Tuesday, August 25, 2009

Who is the Queen of Hearts?

It’s a sad state of affairs in Indian politics of late. In-fighting in political parties is being aired on national television, but then that’s nothing new. L.K.Advani, Kulkarni and Vasundhara Raje are embroiled in the midst of one the worst fights played out on the 9 o’clock news. On the other side, there is the controversial ouster of the respected and very senior leader, Jaswant Singh for penning a book on his views on Jinnah. India is still a democracy with freedom of speech is still protected constitutional right isn’t it? Then why has the book been banned in Gujarat?

Why wasn’t Jaswant stopped from writing the book? The book was no secret.

Jaswant calls Jinnah great, but didn’t Advanji say M.A.J. was a “genuine secularist” in his visit to Pakistan in 2005? Public memory is short, but apparently politicos have no memory! Advani himself has praised Jinnah, yet he beheads Jaswant Singh purportedly over the same issue. Or is it?

There seems to be a lot of heads rolling in the party lately. Who is the Queen of Hearts in the BJP?

Kulakarni puts in his papers to a party he has served for almost a decade and a half over what he calls “ideological differences”. Kulkarni claimed he was still loyal to the party, but there had to be something that changed the equation suddenly.
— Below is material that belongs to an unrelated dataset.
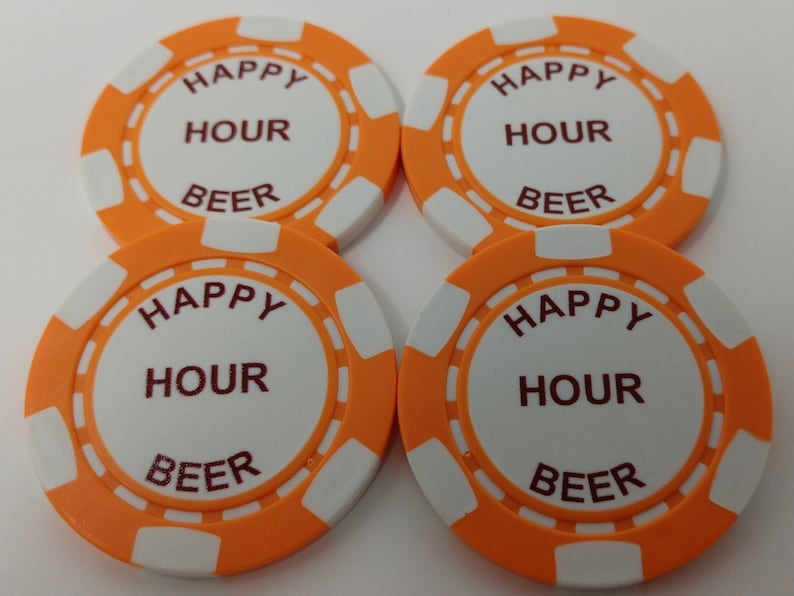 1 to 1000 Custom Poker Chips Imprinted With Your Personalized Etsy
The party got a whipping in the recent national elections. Yet no heads rolled at that point, except for a half hearted attempt from L.K.A. to resign.

Then there is Vasundhara Raje Scindia. A public show was put on over the past few days with her MLAs camping out in Delhi and her own multiple meetings with the party leaders. Apparently a “compromise formula” (political terminology for 60:40, 70:30 deals) has been worked out for now.

Now I hear there is another head set to roll, that of Arun Shourie. The reason: he had publicly questioned the party’s debacle in the elections and criticized the party here.

It is indeed a sad state of affairs. Democracy be damned, autocracy rules. The Congress is all about The Parivaar, the BJP had offered an alternative, but the party seems to have lost its focus. A line in the above article by Shourie sums up the dilemma faced by voters: “…our real problem: there is nowhere to turn for an alternative.”